Nob is also able to tweak the fuel mixture via the dial on the shifter assembly – something that comes in handy during the humid Japanese summers. On the subject of shifters, there was no way that the stock driveline was going to be able to handle the amount of torque that the engine now develops at low RPM, so it’s been upgraded too. The Holinger 6-speed sequential not only takes all the twisting force in its stride, but also allows for instantaneous gear shifts.
It may not be the fastest Evo to have ever lapped Tsukuba, but this car stands for a whole lot more. I have no doubt that we will see Nob shave a few more tenths off its 55″52 best too.
If you compare the images from this feature with the ones that I posted in the initial Spotlight, you will notice that there have already been a few changes made to the engine bay and interior. This is very much a work in process, and in that respect there’s definitely more to come.

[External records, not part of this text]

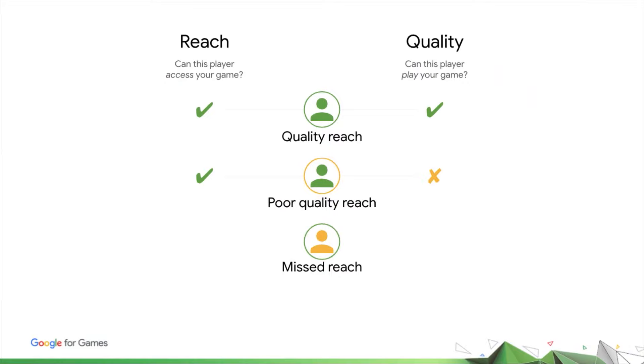Another scenario that you want to keep an eye on is missed reach. This is where users could theoretically have a good experience, but your game does not reach them. While this does not prevent you from achieving success with the users that do have quality reach, it still limits your game scale and potentially also its return on investment.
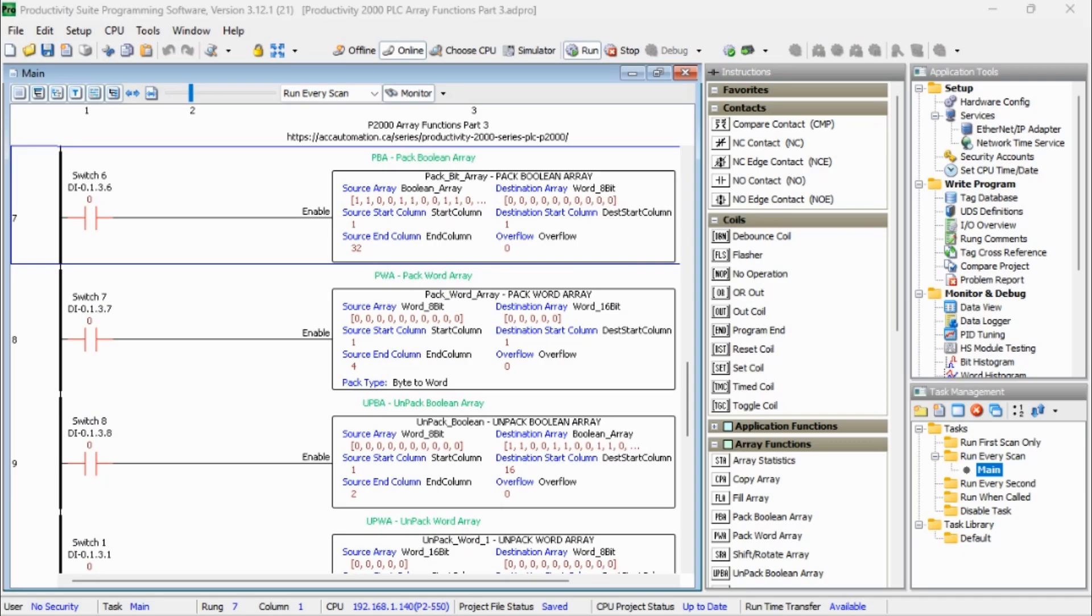Hi everyone. Today we're going to be looking at the Productivity 2000 PLC Array Functions Part 3.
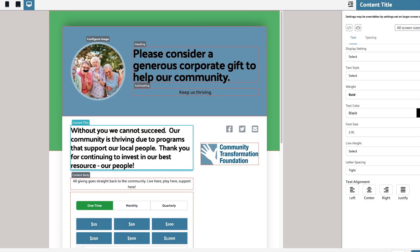Hey there, I'm Kyra, the Digital Marketing Manager for the Community Transformation Foundation. Today, I'm excited to tell you about a new tool that revolutionizes the way I create webpage content.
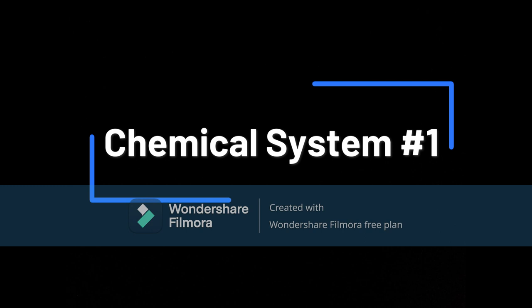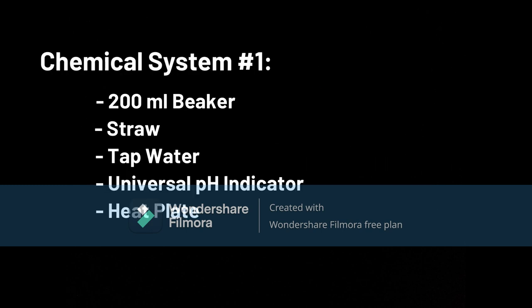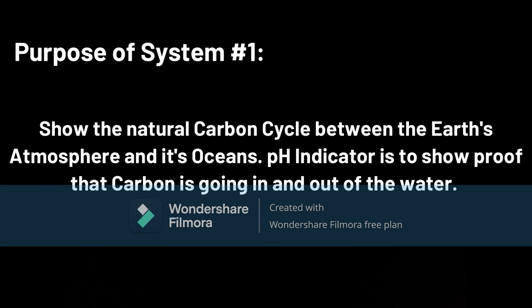Chemical System 1. This system includes a 200 milliliter beaker, straw, tap water, universal pH indicator, and a heat plate. The purpose of the system is to show the natural carbon cycle between the Earth's atmosphere and its oceans. The pH is to show proof that carbon is going in and out of the water.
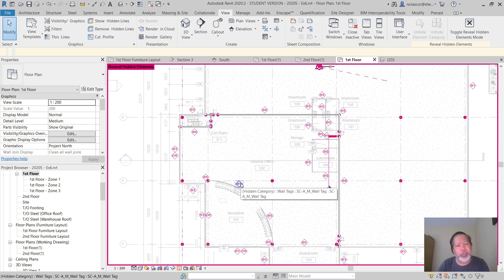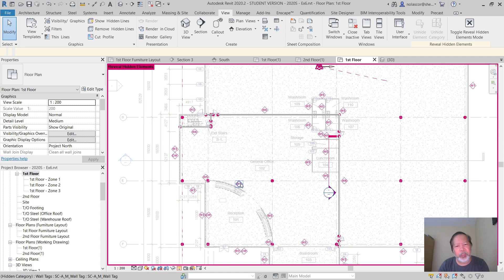If you hover over this category that is hidden, the wall category, notice that Revit tells you that it was hidden by category.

Garage G Force were also out at the HKS Premium Day at Fuji the other week, where Nob managed to wrestle a 1’42″154 out of the Evo IX for third fastest in the AWD class.
So yeah, Mitsubishi, we couldn’t care less if you’ve decided to abandon loyal followers and enthusiasts by discontinuing the Lancer Evolution. We’re good. We’ve got plenty left to play with and Evo guys will be entertained for many years to come!